• EXERCISE
Once the line with "Hot Springs National" is found in the entries below, repeat it and each following line exactly, up to and including the line with "J Devlin Glass". Add no other lines.
--- START ---
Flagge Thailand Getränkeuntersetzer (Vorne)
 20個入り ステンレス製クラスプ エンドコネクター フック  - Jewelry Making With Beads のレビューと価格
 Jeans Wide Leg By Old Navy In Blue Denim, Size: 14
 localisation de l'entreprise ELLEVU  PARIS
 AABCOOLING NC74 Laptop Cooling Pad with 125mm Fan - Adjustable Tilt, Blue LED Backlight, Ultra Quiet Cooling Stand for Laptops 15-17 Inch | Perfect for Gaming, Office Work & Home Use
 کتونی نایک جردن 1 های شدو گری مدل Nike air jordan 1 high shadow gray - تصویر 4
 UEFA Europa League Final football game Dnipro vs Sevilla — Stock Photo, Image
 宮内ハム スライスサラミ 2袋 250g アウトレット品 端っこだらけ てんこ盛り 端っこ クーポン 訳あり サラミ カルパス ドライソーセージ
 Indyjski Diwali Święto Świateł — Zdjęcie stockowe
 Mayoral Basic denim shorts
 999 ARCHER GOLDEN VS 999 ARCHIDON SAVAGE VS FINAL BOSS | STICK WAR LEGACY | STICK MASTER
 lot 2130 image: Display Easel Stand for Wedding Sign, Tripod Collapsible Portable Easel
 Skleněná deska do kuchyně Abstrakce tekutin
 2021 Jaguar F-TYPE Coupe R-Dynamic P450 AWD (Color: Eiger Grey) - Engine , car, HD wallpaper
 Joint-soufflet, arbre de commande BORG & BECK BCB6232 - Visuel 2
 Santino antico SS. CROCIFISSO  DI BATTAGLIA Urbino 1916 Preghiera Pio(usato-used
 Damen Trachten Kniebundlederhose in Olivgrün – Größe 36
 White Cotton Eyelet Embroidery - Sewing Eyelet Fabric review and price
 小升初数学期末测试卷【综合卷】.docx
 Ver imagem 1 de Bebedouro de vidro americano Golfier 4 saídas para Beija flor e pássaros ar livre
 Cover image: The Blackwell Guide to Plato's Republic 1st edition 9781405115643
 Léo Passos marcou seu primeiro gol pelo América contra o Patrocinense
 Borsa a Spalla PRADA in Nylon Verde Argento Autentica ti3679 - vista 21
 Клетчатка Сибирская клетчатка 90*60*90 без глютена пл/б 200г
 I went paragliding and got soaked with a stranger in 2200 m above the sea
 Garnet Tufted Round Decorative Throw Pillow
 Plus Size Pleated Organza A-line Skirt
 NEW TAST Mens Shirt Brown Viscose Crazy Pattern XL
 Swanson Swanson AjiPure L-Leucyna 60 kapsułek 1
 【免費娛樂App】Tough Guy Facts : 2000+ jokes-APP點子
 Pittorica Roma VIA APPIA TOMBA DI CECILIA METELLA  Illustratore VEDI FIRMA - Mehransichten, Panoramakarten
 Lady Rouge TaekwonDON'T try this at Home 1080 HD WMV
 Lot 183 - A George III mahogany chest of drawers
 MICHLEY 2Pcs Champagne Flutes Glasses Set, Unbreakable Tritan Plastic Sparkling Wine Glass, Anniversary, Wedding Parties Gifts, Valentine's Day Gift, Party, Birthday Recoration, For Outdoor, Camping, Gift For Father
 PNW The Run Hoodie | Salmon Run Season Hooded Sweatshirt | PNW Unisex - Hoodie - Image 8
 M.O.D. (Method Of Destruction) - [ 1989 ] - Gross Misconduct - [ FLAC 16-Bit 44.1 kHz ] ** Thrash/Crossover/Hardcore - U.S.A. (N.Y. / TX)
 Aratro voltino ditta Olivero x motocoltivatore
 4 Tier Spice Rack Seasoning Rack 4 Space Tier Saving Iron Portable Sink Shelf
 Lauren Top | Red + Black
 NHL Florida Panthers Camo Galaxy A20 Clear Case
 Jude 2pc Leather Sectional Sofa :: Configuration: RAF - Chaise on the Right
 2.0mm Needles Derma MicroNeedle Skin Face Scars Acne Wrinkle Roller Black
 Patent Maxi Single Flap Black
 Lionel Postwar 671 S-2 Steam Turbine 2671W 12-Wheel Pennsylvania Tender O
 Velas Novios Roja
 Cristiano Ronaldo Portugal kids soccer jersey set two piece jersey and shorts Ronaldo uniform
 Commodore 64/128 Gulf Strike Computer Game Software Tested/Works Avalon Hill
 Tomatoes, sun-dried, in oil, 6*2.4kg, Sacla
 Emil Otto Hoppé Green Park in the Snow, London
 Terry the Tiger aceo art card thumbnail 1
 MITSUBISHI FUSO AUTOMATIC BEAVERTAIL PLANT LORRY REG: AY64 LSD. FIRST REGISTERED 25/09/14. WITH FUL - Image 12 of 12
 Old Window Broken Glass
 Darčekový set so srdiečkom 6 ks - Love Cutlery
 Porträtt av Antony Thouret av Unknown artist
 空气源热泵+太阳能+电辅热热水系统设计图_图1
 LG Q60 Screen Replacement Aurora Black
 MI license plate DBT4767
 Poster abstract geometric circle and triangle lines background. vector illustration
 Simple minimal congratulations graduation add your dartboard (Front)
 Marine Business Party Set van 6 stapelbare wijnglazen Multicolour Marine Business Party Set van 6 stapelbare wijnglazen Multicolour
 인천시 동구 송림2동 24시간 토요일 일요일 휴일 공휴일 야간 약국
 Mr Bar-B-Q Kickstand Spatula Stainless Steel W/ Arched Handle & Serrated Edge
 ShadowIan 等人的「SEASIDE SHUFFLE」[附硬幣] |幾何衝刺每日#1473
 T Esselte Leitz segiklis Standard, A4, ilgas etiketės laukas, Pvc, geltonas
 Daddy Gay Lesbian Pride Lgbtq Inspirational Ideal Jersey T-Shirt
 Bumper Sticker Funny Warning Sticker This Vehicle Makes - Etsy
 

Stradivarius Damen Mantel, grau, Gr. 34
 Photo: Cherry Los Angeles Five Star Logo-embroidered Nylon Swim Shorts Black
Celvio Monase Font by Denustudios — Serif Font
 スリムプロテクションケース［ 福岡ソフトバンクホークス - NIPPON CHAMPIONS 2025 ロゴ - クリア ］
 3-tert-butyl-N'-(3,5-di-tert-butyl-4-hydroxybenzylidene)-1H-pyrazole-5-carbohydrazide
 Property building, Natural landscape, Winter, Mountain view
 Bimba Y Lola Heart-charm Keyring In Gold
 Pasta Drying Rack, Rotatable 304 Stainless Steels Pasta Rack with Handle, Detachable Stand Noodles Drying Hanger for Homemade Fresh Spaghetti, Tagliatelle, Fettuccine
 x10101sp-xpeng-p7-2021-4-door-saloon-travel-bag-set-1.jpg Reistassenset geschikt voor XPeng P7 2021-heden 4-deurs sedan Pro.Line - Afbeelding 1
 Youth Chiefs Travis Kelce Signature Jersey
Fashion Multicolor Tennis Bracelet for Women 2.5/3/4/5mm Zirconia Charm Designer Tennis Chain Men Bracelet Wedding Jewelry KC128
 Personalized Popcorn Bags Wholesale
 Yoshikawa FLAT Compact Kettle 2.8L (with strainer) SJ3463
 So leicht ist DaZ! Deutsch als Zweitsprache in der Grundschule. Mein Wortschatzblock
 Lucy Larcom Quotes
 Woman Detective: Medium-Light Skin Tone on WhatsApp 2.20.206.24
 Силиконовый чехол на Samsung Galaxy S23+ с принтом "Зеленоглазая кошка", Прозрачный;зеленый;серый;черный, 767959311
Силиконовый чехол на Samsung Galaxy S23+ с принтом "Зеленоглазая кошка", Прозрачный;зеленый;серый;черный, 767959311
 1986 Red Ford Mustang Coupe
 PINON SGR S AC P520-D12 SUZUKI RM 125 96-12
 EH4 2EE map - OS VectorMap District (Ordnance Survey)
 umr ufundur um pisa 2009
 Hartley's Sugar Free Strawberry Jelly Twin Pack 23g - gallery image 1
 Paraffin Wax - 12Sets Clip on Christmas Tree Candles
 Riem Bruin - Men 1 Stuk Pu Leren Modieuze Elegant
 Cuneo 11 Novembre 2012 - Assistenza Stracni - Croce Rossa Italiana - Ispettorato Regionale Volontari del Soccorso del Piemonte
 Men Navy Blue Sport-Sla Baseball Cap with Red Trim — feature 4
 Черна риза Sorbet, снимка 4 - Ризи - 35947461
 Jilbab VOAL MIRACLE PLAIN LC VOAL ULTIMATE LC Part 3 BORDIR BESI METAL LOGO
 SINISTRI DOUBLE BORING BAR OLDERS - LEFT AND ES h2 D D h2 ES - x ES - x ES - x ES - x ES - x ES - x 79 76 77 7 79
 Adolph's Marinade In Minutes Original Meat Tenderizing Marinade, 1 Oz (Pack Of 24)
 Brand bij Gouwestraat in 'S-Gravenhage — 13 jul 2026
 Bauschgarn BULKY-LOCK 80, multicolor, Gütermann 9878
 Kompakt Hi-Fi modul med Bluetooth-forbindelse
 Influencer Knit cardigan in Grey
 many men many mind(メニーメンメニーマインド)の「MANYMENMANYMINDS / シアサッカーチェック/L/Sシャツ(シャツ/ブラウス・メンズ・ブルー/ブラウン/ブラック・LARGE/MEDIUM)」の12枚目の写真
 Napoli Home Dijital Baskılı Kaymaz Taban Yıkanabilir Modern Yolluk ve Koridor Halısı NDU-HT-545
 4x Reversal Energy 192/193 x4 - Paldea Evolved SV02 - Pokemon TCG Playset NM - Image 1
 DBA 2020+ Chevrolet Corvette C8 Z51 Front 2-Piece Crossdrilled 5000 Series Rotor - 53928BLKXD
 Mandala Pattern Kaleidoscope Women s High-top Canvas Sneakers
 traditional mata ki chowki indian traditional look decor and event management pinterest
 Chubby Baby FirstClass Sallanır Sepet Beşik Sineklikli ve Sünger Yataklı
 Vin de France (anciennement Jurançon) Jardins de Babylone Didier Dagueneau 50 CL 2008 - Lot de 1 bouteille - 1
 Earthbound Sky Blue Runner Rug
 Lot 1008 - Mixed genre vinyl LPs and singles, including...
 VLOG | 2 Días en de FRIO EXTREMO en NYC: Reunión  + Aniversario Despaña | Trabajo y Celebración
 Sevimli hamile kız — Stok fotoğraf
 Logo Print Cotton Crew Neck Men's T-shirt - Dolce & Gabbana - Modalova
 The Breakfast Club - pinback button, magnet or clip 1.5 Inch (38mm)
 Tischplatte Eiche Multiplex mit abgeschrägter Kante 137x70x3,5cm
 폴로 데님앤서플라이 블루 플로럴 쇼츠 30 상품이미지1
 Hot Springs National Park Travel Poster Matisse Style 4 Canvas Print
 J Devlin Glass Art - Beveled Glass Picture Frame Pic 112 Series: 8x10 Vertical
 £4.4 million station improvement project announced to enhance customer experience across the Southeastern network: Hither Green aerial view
--- END ---
• WRITTEN SOLUTION
 Hot Springs National Park Travel Poster Matisse Style 4 Canvas Print
 J Devlin Glass Art - Beveled Glass Picture Frame Pic 112 Series: 8x10 Vertical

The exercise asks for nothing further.